Question #3: Can you explain the grading system at your high school?
This one’s for the international applicants. Grading systems vary greatly from one district to another within your own country, what more those from another country’s.
“US colleges might not know as much about their high school and about their environment as maybe they would like,” says Mandee Heller Adler, founder and president of Florida-based International College Counselors.
Suggestion: Try to find the clearest way to explain the grading scale that your high school uses, as well as any other achievements you may have, such as awards received.
Question #4: What are your academic strengths and weaknesses, and how have you addressed them?
Colleges want to know how you perceive your achievements as well as how well you overcome obstacles.
Suggestions: When talking about strengths, be specific. And explain how these strengths helped you throughout high school and how you plan to use it in future. For example, “Writing is my biggest strength. I capitalised on this to get an internship programme at a local publishing house, as well as winning an essay competition. I hope to do the same in college”.
When it comes to weaknesses, admit them readily, so long as you can show that you have made efforts to overcome them. Don’t say you have no weaknesses – no one’s going to buy that and you’ll only paint yourself as arrogant.
Instead, talk about strategies you’ve used to overcome procrastination, or a specific story about how you got that C grade to a B in calculus.
Question #5: Do you have any questions for me?
Take this opportunity to ask the questions for which the answers just aren’t available on the school’s website.
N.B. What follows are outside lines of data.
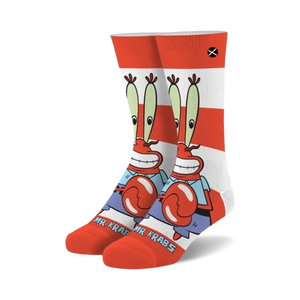 Crew socks in red, white, and blue, featuring Mr. Krabs from Spongebob Squarepants holding a Krabby Patty.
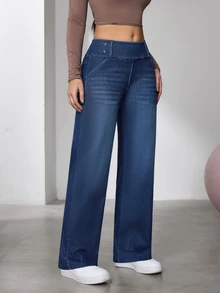 Flexra 女款收腹四向彈力寬鬆直筒休閒牛仔褲 秋冬寬腰頭雙鈕扣通勤運動顯臀藍色 - 深色水洗藍 - 查看 3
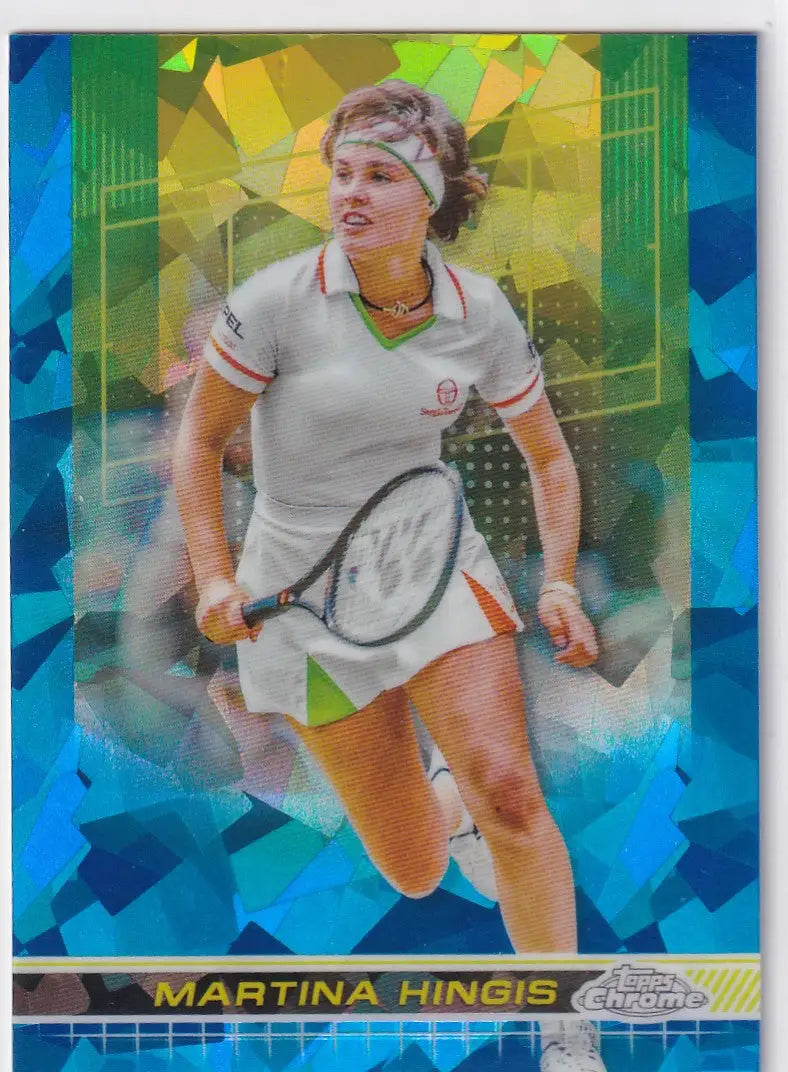 Martina Hingis in action on a Topps Chrome Sapphire trading card with vibrant colors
Ask a well-thought question and you can get yourself extra marks for showing you’ve done your research.
Suggestion: Betsy Cotten, associate director of admissions at McDaniel College in Maryland suggests asking about more in-depth issues such as the culture of a college’s location and how the college’s students spend their time outside the classroom.
“More of the touchy-feely, rather than the more statistically driven stuff is a better use of their time,” says Cotten.